India has been facing the problem of poverty since 1947. It’s true that despite vast physical and cultural resources, Indian masses, both in rural and urban areas, have been reeling under poverty and unemployment for centuries. Despite India’s Five-Year Plans, developing economy, mechanical advance, commercial growth and scientific development, poverty persists with a bull dog tenacity. The demon of poverty has spread its tentacles all around the urban and rural areas.

The World Bank has revised its international poverty line norm from US$1.25 a day to US$1.90 a day. According to the World Bank’s poverty line norm, India has the highest number of people living below poverty line with 30% of its population under the US$1.90 a day poverty measure. Poverty has a grip on a much larger proportion of India’s people in regards to education, health care and basic infrastructure.

It’s estimated that 14 million children in India work in the fields, in factories, brothels and in the homes of families – often without pay. Most of them are often illiterate and not aware of their rights and sold by their parents or guardians due to grinding poverty. Aid organizations estimate that three-quarters of all domestic servants in India are children, and 90% of those are girls. This is a pity. In the context of the International Labour Organisation (ILO) Convention No. 182, India tops the list when it comes to the number of children still living and working in bonded labour and slave conditions.

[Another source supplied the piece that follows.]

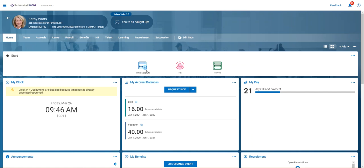Hi, this video is to show you how to transmit your electronic ACA files to the IRS. The first thing we need to do as Kathy Watts, our HR manager for our demo company, is we need to go...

In India, young women are bought and sold like slaves. Many of them have children who live in constant danger of also being sold or sexually abused. According to a Human Rights Watch report, there are more than 20 million prostitutes in India and as many as 35% of them enter at an age less than 18. Poverty is one of the main causes which bring helpless women to the doors of prostitution.

Thousands of families in India do not find enough to feed themselves and in a moment of complete dejection, they commit suicides collectively. There are millions of people, who sleep with empty stomachs most of the times. There are people who do not have much money to spend on their food and clothing. There’s a life-and-death struggle on the railroad tracks as there are many people who live dangerously near railway tracks. They also want good food to eat, good clothes to wear, good place to live in, but they are helpless as they don’t have any kind of support. This is the dark side of poverty.

“India lives in villages” were the golden words of Mahatma Gandhi many decades ago. Ironically after 70 years of India’s independence, the data do not seem to disagree. Still, almost 70% of the population lives in rural areas. And the truth is that rural India is far behind urban India in every indicator of progress. More than half the rural households do not own land and more than half of them are casual labourers. Around 65% of rural households have no sanitation facility, while the corresponding figure for urban areas is 11%.

Rural poverty is further compounded by India’s enormous health burden; India accounts for more than one quarter of the world’s TB cases and deaths. In India, most villages don’t possess even a small hospital. Unfortunately, in India’s noisy political democracy, politicians are not too interested in intervening.